[nmglug] why are web browsers so memory-heavy?
Mark Galassi
mark at galassi.org
Thu Apr 14 15:12:24 PDT 2016
I sometimes think that a fun project would be "8.04 forever": something
that keeps ubuntu 8.04 LTS going for the rest of time. Specifically its
memory requirements. That's because:
Last night I tried taking a discarded "windows 2000 vintage" computer
(1/2 gig RAM), putting tiny core linux on it, and then using tiny core's
mechanism for installing the firefox that they provide, which is
presumably a low-resource version.
The result was dreadful: you use firefox and it immediately uses all
RAM. Even a 1gig machine cannot work with current versions.
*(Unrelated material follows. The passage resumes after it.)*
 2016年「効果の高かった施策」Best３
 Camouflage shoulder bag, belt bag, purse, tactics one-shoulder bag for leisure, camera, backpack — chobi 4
Now the standard advice given is "don't use a very old distro for
low-RAM machines since it will miss security and other bug fixes; you
should instead use a modern distro that's tailored for low resource".
The problem is that people will want a browser that's featureful enough
(i.e. not dillo or any other simple html renderer).
Today I looked at qupzilla, but I have not yet tried it on a
low-resource machine. I suspect that a lot of the problem lies in
interactions with the X server, buffers, offscreen pixmaps, and many
other things I know only a bit about.
Anyone have any real knowledge on low-resource browsing?